Teodor'un her şeyi birbirine bağlayabilmesi, davaya doğru bir şekilde yaklaşmak için çok önemli olacaktır. Ardından gelen cinayetler zinciri, en iyi ihtimalle doğrudan bir suçlu akla işaret ediyor. Ve Teodor, etkisizlik bilinci altındaki ölümlerle sefil bir şekilde başarısız olmak istemiyorsa, kişisel planını maksimumda dengelemelidir ...

Öfke, Zygmunt Miloszewski

Telak davası

Belki de hiç böyle düşünülmemiş bir diziye işaret olarak (bir eserin yalnızca iyi karşılanması onun sürekliliğini sağlayabilir), soruşturması kapalı bir alanda ortaya çıkan şüpheler etrafında dönen eski moda bir vakayla karşı karşıyayız kendimizi.

Bir manastırın çevresi, tarihi ve maneviyat arasındaki her yapıya o gizem havasını sağlamakla sorumludur. Oraya seyahat eden birçok hasta, tipik bir tedaviden çok bir mezhebe özgü olan kendi özel terapilerine odaklanır.
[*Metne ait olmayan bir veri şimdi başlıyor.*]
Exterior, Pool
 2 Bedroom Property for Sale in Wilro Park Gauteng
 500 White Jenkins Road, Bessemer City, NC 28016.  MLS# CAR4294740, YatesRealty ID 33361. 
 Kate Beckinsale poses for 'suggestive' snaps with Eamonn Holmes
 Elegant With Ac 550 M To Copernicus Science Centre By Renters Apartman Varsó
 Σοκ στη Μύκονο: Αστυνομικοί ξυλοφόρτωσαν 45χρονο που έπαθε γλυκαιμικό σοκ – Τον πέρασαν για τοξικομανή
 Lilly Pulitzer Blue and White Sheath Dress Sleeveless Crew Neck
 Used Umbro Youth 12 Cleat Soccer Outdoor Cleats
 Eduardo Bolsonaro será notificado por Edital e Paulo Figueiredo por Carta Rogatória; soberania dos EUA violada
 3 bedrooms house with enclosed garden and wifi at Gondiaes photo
O halde ölümün, toplantılar ve itiraflar arasına gizlenmiş, fazlasıyla olası ve çarpık bir planın parçası olarak ortaya çıkması şaşırtıcı değildir. Yakında yazarın tüm kara eserlerinin kalesi olacak savcı Teodor Szacki ile tanışacağız. Ve başıboş dolaşan pek çok şüphelinin öldürülmesinin gerekçelerini araştıracak kişi de o olacak.

Cinayetin teatralleştirilmesi ve görevdeki suçlunun psikopatisi veya düşmanlığı gibi kolay iddiaların çok ötesine geçen, kriminal gizemin bu uygulamasında etkileyici ve erdemli bir roman. Baştan sona şaşırtıcı ve harika kurgulanmış bir hikaye.

Telak davası

gerçeğin yarısı

Yarı aydınlatılmış gerçeklerle oynamayı başaran kim her şeyi itiraf edecek? En uğursuz gerçeklik, görevdeki suçlunun, yarım kalan işleri geçici olarak birleştirerek, herhangi bir intikam eylemini eski nefretle meşrulaştırarak zarar görmeden ortaya çıkabileceği mükemmel bir yapı haline gelebilir.

Paradoksal bir şekilde, zaman içindeki sınırlı evrimi sayesinde, tarihe batmış ve zamanda askıya alınmış en iyi Polonya mücevherlerinden biri olan küçük Sandomierz kasabasına seyahat ediyoruz. Yine, nasıl görmek isterseniz isteyin, gizem ve bir melankoli veya çöküş ipucu veren o mükemmel ayarlardan biri. Küçük bir kasaba gibi, Savcı Szacki de zamanında askıya alınmış, boşanmış ve kendini aramaktadır.

Ancak Sandomierz beklediğiniz huzurlu yer olmaktan çıkmak üzere. Treblinka'nın uğursuz anısına sahip bu yerdeki Yahudi cemaati, son derece şiddetli saldırıların tehdidi altında; en azından böyle bir eylemi gerçekleştirmeye muktedir olanların zihninde, aynı parayla ödeme yapmak istiyor gibi görünen intikam dolu bir av var. ceza muhakemesi..

gerçeğin yarısı
5 / 5 - (12 oy)

Yorum yapın

Bu site spam'i azaltmak için Akismet'i kullanıyor. Yorum verilerinizin nasıl işlendiğini öğrenin.